- _Activity_
Copy, from the material below, each line where "Facebook" shows up.

- _Exercise materials_

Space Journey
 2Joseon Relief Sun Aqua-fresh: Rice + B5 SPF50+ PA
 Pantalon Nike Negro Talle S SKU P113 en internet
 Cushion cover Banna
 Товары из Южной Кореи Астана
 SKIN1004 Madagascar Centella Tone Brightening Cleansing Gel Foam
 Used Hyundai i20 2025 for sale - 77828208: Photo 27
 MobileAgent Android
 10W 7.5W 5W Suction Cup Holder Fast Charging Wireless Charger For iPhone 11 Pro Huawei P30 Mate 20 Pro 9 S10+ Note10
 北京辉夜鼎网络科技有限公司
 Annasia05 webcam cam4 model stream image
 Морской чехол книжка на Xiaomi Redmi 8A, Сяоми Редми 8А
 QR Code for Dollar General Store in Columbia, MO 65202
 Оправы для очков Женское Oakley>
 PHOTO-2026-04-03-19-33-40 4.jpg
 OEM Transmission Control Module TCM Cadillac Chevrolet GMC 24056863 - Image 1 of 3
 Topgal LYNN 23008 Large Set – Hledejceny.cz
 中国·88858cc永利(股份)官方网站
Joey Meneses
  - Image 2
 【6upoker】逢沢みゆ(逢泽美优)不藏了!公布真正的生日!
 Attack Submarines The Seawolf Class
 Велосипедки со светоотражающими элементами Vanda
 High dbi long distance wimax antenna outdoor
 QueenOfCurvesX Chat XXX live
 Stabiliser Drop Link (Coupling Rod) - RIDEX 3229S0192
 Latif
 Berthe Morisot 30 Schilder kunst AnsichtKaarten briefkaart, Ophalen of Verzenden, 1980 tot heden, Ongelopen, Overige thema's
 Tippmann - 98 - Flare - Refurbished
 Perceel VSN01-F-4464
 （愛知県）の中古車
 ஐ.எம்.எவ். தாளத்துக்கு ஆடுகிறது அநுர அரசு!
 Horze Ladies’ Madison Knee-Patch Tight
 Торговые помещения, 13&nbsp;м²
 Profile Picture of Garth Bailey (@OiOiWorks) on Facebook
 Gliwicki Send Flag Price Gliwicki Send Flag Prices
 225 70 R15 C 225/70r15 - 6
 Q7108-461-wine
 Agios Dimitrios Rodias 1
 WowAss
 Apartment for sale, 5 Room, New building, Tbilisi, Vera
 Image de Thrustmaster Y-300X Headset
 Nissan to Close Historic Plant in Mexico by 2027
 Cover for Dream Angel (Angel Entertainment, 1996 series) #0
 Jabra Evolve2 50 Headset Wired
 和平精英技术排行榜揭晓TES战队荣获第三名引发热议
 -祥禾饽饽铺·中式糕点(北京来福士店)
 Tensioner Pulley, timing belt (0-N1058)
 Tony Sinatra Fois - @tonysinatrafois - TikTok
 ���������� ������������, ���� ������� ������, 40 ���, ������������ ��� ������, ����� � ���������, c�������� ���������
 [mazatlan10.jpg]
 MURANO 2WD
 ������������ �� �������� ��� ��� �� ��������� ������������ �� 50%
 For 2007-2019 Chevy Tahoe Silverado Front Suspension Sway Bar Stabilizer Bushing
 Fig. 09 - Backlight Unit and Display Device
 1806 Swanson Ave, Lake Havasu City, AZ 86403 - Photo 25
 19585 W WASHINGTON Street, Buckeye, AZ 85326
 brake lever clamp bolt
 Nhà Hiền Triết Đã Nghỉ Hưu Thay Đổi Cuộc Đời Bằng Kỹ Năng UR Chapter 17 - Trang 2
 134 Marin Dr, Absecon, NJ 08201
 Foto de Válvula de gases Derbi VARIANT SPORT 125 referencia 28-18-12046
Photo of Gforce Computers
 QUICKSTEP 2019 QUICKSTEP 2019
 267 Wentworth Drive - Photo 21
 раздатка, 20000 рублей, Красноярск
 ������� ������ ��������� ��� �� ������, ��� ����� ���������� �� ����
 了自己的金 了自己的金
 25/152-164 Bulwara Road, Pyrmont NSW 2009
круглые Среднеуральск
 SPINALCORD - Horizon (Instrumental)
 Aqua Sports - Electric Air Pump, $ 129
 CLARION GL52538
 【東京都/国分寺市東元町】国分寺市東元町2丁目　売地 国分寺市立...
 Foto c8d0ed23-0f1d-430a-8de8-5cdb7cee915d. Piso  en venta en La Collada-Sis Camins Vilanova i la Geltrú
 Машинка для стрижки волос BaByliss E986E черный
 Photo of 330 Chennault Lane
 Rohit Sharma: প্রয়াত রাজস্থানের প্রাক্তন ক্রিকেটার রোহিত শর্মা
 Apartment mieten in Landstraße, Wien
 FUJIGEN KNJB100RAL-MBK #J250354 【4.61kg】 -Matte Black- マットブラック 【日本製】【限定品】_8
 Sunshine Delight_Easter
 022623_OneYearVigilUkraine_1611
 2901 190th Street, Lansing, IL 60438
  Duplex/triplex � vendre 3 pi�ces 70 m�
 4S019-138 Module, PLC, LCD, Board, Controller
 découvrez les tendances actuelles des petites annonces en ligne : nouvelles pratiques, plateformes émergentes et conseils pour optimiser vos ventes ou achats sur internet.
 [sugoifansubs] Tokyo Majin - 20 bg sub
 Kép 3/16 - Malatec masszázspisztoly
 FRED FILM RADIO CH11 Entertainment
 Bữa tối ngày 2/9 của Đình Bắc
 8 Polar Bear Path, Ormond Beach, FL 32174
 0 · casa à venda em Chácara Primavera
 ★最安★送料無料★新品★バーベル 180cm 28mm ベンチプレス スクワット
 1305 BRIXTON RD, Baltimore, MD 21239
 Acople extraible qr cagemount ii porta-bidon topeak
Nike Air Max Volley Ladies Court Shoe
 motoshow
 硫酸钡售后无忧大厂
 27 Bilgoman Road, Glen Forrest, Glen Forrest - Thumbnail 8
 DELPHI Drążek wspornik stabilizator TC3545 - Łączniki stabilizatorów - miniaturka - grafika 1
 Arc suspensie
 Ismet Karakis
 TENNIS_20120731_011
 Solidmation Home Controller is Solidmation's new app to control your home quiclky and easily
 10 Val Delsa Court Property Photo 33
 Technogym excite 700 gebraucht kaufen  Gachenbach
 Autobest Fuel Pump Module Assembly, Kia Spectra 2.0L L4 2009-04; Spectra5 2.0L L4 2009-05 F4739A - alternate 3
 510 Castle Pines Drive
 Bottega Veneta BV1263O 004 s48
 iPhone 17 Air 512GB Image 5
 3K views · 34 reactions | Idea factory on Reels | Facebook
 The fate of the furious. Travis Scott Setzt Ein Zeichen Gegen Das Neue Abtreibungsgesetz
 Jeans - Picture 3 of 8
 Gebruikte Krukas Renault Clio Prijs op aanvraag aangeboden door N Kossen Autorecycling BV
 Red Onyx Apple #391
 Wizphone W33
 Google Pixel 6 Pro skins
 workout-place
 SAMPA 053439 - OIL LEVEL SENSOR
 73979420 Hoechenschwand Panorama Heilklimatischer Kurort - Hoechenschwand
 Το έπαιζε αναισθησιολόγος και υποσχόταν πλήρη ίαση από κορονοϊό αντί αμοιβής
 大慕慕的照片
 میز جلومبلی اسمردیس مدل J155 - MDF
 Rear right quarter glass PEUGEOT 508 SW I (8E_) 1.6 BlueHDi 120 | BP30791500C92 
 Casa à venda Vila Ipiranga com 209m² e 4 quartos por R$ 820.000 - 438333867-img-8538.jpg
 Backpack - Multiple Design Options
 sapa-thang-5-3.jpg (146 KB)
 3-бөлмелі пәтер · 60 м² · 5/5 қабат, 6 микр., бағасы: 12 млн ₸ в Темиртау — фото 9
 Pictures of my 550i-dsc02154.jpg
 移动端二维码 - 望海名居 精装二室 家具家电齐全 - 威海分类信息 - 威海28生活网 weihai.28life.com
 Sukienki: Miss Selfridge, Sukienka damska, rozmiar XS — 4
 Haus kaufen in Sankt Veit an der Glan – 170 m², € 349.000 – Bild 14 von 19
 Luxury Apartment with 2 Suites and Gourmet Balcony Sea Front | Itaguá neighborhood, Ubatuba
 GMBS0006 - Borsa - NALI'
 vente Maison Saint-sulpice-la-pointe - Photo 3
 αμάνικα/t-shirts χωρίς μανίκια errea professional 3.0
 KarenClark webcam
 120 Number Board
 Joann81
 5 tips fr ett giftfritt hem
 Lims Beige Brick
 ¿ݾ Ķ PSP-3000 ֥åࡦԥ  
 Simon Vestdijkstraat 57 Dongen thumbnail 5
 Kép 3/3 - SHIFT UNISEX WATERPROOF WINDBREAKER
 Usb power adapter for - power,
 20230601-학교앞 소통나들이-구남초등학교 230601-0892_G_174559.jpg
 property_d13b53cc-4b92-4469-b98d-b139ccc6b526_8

- _Written reply_
 Profile Picture of Garth Bailey (@OiOiWorks) on Facebook
 3K views · 34 reactions | Idea factory on Reels | Facebook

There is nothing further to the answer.